Top of Collected data
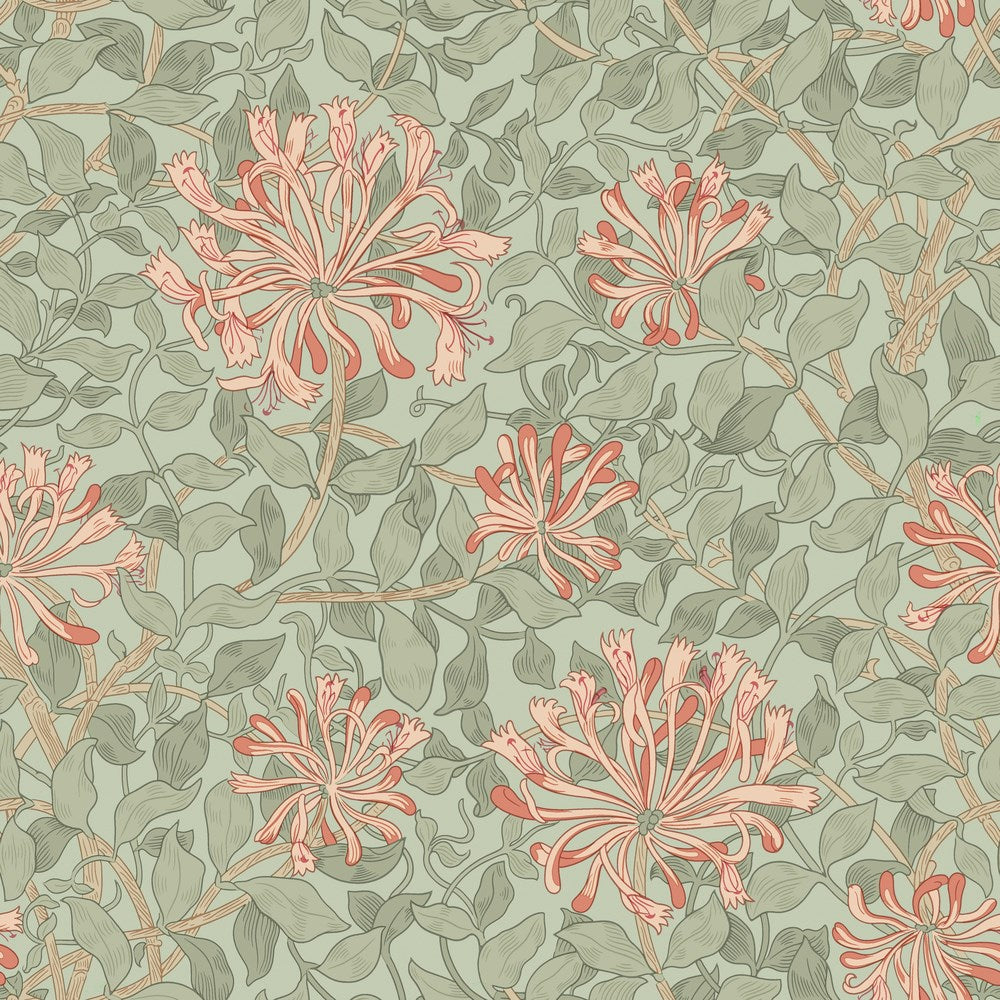 Honeysuckle - Coral || May Morris 108 || Morris & Co.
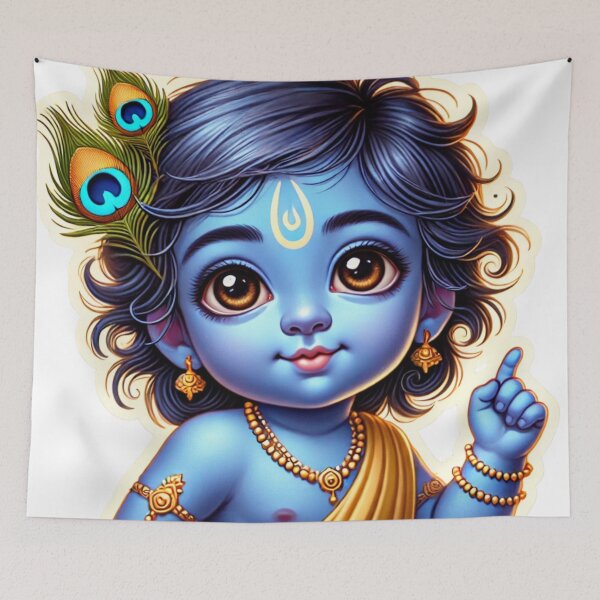 Item preview, Baby Krishna Sticker | Makhan Chor – The Butter Thief | Cute Hindu Art designed and sold by Sarasvati’s Divine Art.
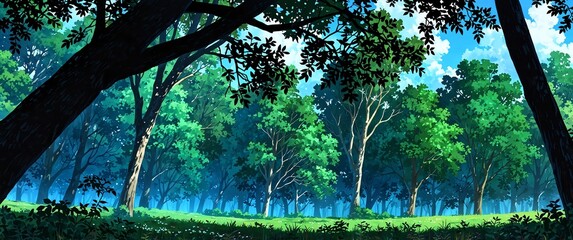 Wall Mural - trees on dark forest anime cartoon illustration art design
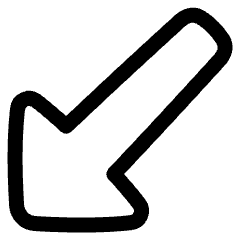 Diagonal Triangle Arrow Bottom Left Icon from Plump Line Set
Bottom of Collected data
### Task description
Please output the listing above in full, exactly as given, without its images.

### Result
 Honeysuckle - Coral || May Morris 108 || Morris & Co.
 Item preview, Baby Krishna Sticker | Makhan Chor – The Butter Thief | Cute Hindu Art designed and sold by Sarasvati’s Divine Art.
 Wall Mural - trees on dark forest anime cartoon illustration art design
 Diagonal Triangle Arrow Bottom Left Icon from Plump Line Set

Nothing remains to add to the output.